Data Science Masters students tackle the mental health crisis and more at the Spring 2020 DATS Presentation

Presentation still from Pedro Peterson’s “Screening for mental illness from mobile phone data: a detection of psychotic symptoms.”

This year’s Spring 2020 DATS Presentation featured a wide variety of insightful and relevant topics. Below, you’ll find a list of the presenters, in addition to some project goals and key takeaways.

A hierarchical bayesian approach for tagged playlist generation”

Presenter: Anish Jain
Advised by: Eric Bradlow
Conclusion: “There’s a very high degree of heterogeneity in moods/activities definition across music listeners, and there’s quite a high degree of homogeneity in definition of genre across music listeners.”

“A data set for training QA systems to answer questions about novels”

Presenter: Yonah Mann
Advised by: Chris Callison-Burch and Clayton Greenberg
Goal: “Given a context which is a document or a set of documents, can you teach a system to answer questions in that context?”

“Understanding film characters and their social networks through a gender lens”

Presenter: Weizhen Sheng
Advised by: Ani Nenkova
Conclusion: “Gender affects how characters are portrayed and impacts their role in a social network.”

“Predicting the career success of NBA players from college statistics and draft timing”

Presenter: Jimmy Gao
Advised by: Shane Jenson
Inspiration: “As a diehard basketball fan, I constantly follow the NBA draft, and the draft stakes are pretty high right now. The increase in salary cap: this allows a lot of players to demand very expensive contracts.”

“Screening for mental illness from mobile phone data: a detection of psychotic symptoms”

Presenter: Pedro Petersen
Advised by: Ian Barnett
Asks the question: ” What if it were possible to help tackle the mental health crisis? Even if diagnosed, perhaps a close monitoring could help on treatment.”

“The carbon shock: investor response to the British Columbia carbon tax”

Presenter: Akshay Malhotra
Advised by: Frank Diebold
Takeaway: Market fear is upticked by “the idea that once a carbon tax or some sort of similar legislative policy is introduced, companies [are left with] all these assets that no longer produce value” (“stranded assets”).

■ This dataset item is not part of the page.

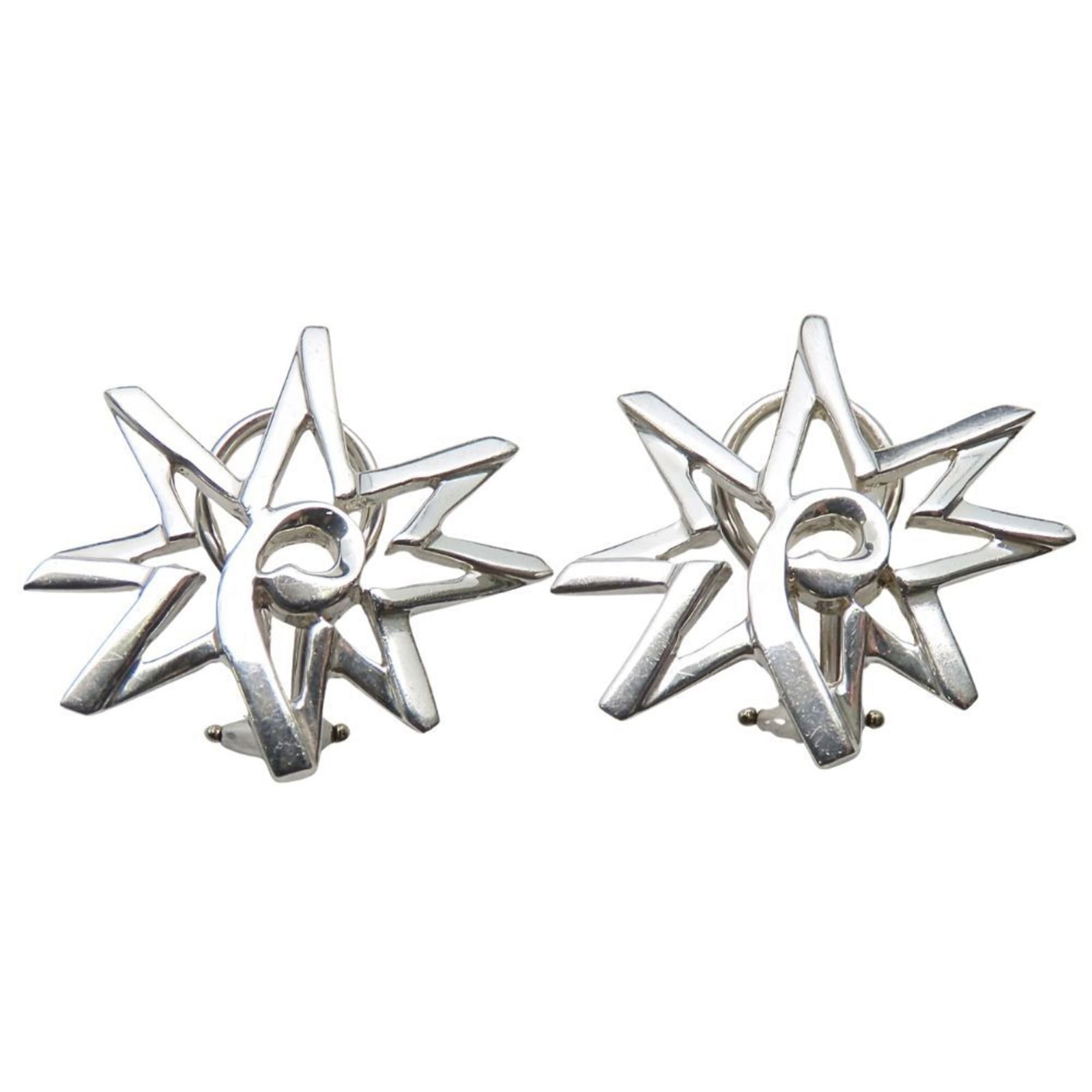 925 Tiffany Clip Earrings Silver: 925 Tiffany Clip Earrings Silver This listing features 925 Tiffany Clip Earrings Silver. Item specifics are provided below. Item Specifics: Brand: Tiffany Type: Clip Earrings Gender: Women Material:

“Predicting academic success of Masters students using application data”

Presenter: Karen Shen
Advised by: Boon Thau Loo and Ira Winston
Goals: “Create a data-driven approach to help admissions staff identify which students will struggle to graduate and which students will succeed in the Penn Engineering Masters Program…find which factors in the application profile are most indicative of future academic performance.”